関根:通訳から翻訳に切り替えると、調べ物が多くてつらく感じ、翻訳から通訳に切り替えると、時間のプレッシャーがつらく感じる。翻訳の強みは自分のペースでできること。
松丸:翻訳から通訳に切り替えると、一字一句訳したくなるが、エッセンスを訳すことの重要性や、自分が翻訳中に「木を見て森を見ていない」こともあることに気づけて、翻訳に役立っている。

通訳の準備と翻訳の準備

(質疑応答から)

関根:当日までにどれだけ準備時間があるかによる。繁忙期で時間がなければ事前資料とWikipediaで調べ物を済ませることもある。理想としては、事前資料読み込み以外の調べ物もしたいし、有名人なら動画で本人の話し方を確認したい。通訳では、その人の話し方で訳の品質が変わってしまうため。
高橋:やはり納期までの時間による。時間があれば、クライアントの過去の資料や関連するドキュメントなどにも目を通す。短め(英語2000語程度)であれば、原文全体を読む。
松丸:最近はニュース翻訳の案件が多く納期が短いため、最初の1語から訳し始める。資料などは訳しながら探し、参照する。

翻訳で稼ぐ、通訳で稼ぐ

関根:先の高橋のような調査をしていてはスピードが上がらず、安定した収入にならないのではないか。
高橋:調べ物をしなくてもできる仕事で時間単価を上げる。また、入力時間を短くするように工夫している(かな入力や単語登録などの活用)。
松丸:通訳を兼業していたときのほうが収入は多かった。
関根:通訳は人材不足になる時期もあるので、翻訳者でも向いている人は挑戦してみてほしい。
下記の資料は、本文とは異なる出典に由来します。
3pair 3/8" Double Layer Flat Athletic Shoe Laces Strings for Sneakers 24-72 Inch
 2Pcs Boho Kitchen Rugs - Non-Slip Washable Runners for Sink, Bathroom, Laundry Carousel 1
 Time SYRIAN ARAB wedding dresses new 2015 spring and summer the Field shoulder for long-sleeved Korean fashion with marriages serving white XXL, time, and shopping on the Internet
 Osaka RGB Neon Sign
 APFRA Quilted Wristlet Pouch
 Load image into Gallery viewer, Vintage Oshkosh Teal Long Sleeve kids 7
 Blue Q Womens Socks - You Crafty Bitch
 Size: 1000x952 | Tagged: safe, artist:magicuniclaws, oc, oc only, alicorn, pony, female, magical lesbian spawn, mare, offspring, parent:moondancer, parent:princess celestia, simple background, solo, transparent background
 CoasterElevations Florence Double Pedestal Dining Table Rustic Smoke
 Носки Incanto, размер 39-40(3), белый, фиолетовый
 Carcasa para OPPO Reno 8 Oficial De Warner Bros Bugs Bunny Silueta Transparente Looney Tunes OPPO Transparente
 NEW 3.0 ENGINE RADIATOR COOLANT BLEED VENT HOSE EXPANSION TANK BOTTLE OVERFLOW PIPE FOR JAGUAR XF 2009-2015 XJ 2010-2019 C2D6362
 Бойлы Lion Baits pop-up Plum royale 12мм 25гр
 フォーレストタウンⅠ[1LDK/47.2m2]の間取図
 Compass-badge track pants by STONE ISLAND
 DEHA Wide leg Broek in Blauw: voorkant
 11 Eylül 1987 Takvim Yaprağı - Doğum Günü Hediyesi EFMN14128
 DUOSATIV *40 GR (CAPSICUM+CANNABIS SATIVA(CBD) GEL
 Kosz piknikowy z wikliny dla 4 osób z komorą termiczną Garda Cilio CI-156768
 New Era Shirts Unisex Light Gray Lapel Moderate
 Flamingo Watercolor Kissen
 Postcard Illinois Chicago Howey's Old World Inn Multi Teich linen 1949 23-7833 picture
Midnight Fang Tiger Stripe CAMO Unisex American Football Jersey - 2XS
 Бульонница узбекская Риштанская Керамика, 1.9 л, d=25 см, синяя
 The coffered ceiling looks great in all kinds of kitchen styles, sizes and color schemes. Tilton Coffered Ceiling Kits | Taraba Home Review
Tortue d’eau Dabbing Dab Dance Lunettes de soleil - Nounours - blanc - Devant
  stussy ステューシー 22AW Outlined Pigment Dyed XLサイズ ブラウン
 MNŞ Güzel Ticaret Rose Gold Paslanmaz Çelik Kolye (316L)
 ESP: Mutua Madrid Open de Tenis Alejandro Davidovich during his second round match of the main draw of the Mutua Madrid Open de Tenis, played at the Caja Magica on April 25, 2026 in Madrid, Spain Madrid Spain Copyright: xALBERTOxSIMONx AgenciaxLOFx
ただ、AIと機械翻訳の進化に伴い、営業も技能も向上が必要。

(質疑応答から)
松丸:今「稼ぐ」と言っているのは、自分ができる仕事でさらに収入を上げるという話。例えば、儲かる仕事をするために今30%できることを100%できるようにするより、今100%できることをさらにできるようにするほうが効率が良い。なので、機械翻訳に取られない分野や稼げる分野を探すのではなく、自分の好きな分野や得意な分野を伸ばしてほしい。
関根:ビジネスは人間関係。自分にはエージェントを通さずにクライアントから直接仕事をもらっているケースもある。仕事が重なっても、信頼できる人に外注することでスケジュール管理はできる。